在云机器学习引擎上运行时，Tensorflow对象检测train.py失败 [英] Tensorflow object detection train.py fails when running on cloud machine learning engine

查看：331 发布时间：2018/5/10 13:43:35 machine-learning tensorflow google-cloud-platform object-detection

本文介绍了在云机器学习引擎上运行时，Tensorflow对象检测train.py失败的处理方法，对大家解决问题具有一定的参考价值，需要的朋友们下面随着小编来一起学习吧！

问题描述

我有一个tensorflow对象检测API在本地工作的小例子。一切看起来不错。我的目标是使用他们的脚本在Google机器学习引擎中运行，我之前已经广泛使用它。我正在关注这些

另一个想法可能是检查点在上载期间不知何故被破坏。

在.config中

  from_detection_checkpoint：false

产生相同的前提条件错误，所以它不能是模型。

解决方案

根本原因是轻微的错字：

   -  pipeline_config_path = $ {PIPELINE_CONFIG_PATH}

有额外的空间。试试这个：
$ b $ pre $ gcloud ml-engine作业提交培训$ {JOB_ID} _train\ --job -dir = $ {TRAIN_DIR} \ --packages dist / object_detection-0.1.tar.gz，slim / dist / slim-0.1.tar.gz \ --module-name object_detection。 train \ --region us-central1 \ --config $ {PIPELINE_YAML} \ - \ --train_dir = $ {TRAIN_DIR} \ --pipeline_config_path = $ {PIPELINE_CONFIG_PATH}

I have a small working example of the tensorflow object detection api working locally. Everything looks great. My goal is to use their scripts to run in Google Machine Learning Engine, which i've used extensively in the past. I am following these docs.

Declare some relevant variables
declare PROJECT=$(gcloud config list project --format "value(core.project)") declare BUCKET="gs://${PROJECT}-ml" declare MODEL_NAME="DeepMeerkatDetection" declare FOLDER="${BUCKET}/${MODEL_NAME}" declare JOB_ID="${MODEL_NAME}_$(date +%Y%m%d_%H%M%S)" declare TRAIN_DIR="${FOLDER}/${JOB_ID}" declare EVAL_DIR="${BUCKET}/${MODEL_NAME}/${JOB_ID}_eval" declare PIPELINE_CONFIG_PATH="${FOLDER}/faster_rcnn_inception_resnet_v2_atrous_coco_cloud.config" declare PIPELINE_YAML="/Users/Ben/Documents/DeepMeerkat/training/Detection/cloud.yml"
My yaml looks like
trainingInput: runtimeVersion: "1.0" scaleTier: CUSTOM masterType: standard_gpu workerCount: 5 workerType: standard_gpu parameterServerCount: 3 parameterServerType: standard
The relevant paths are set in the config, e.g
fine_tune_checkpoint: "gs://api-project-773889352370-ml/DeepMeerkatDetection/checkpoint/faster_rcnn_inception_resnet_v2_atrous_coco_11_06_2017/model.ckpt"
I've packaged object detection and slim using setup.py

Running
gcloud ml-engine jobs submit training "${JOB_ID}_train" \ --job-dir=${TRAIN_DIR} \ --packages dist/object_detection-0.1.tar.gz,slim/dist/slim-0.1.tar.gz \ --module-name object_detection.train \ --region us-central1 \ --config ${PIPELINE_YAML} \ -- \ --train_dir=${TRAIN_DIR} \ --pipeline_config_path= ${PIPELINE_CONFIG_PATH}
yields a tensorflow (import?) error. Its a bit cryptic
insertId: "1inuq6gg27fxnkc" logName: "projects/api-project-773889352370/logs/ml.googleapis.com%2FDeepMeerkatDetection_20171017_141321_train" receiveTimestamp: "2017-10-17T21:38:34.435293164Z" resource: {…} severity: "ERROR" textPayload: "The replica ps 0 exited with a non-zero status of 1. Termination reason: Error.

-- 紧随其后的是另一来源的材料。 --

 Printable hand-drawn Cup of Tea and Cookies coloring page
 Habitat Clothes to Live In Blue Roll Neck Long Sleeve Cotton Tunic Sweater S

Traceback (most recent call last): File "/usr/lib/python2.7/runpy.py", line 162, in _run_module_as_main "__main__", fname, loader, pkg_name) File "/usr/lib/python2.7/runpy.py", line 72, in _run_code exec code in run_globals File "/root/.local/lib/python2.7/site-packages/object_detection/train.py", line 198, in <module> tf.app.run() File "/usr/local/lib/python2.7/dist-packages/tensorflow/python/platform/app.py", line 44, in run _sys.exit(main(_sys.argv[:1] + flags_passthrough)) File "/root/.local/lib/python2.7/site-packages/object_detection/train.py", line 145, in main model_config, train_config, input_config = get_configs_from_multiple_files() File "/root/.local/lib/python2.7/site-packages/object_detection/train.py", line 127, in get_configs_from_multiple_files text_format.Merge(f.read(), train_config) File "/usr/local/lib/python2.7/dist-packages/tensorflow/python/lib/io/file_io.py", line 112, in read return pywrap_tensorflow.ReadFromStream(self._read_buf, length, status) File "/usr/lib/python2.7/contextlib.py", line 24, in __exit__ self.gen.next() File "/usr/local/lib/python2.7/dist-packages/tensorflow/python/framework/errors_impl.py", line 466, in raise_exception_on_not_ok_status pywrap_tensorflow.TF_GetCode(status)) FailedPreconditionError: .
I've seen this error in other questions related to prediction on Machine Learning Engine, suggesting this error probably(?) is not directly related to the object detection code, but it feels like its not being packaged correctly, missing dependencies? I've updated my gcloud to the latest version.
Bens-MacBook-Pro:research ben$ gcloud --version Google Cloud SDK 175.0.0 bq 2.0.27 core 2017.10.09 gcloud gsutil 4.27
Hard to see how its related to this problem here

FailedPreconditionError when running TF Object Detection API with own model

why would code need to initialized differently in the cloud?

Update #1.

The curious thing is that the eval.py works fine, so it can't be a path to the config file, or anything that train.py and eval.py share. Eval.py patiently sits and waits for model checkpoints to be created.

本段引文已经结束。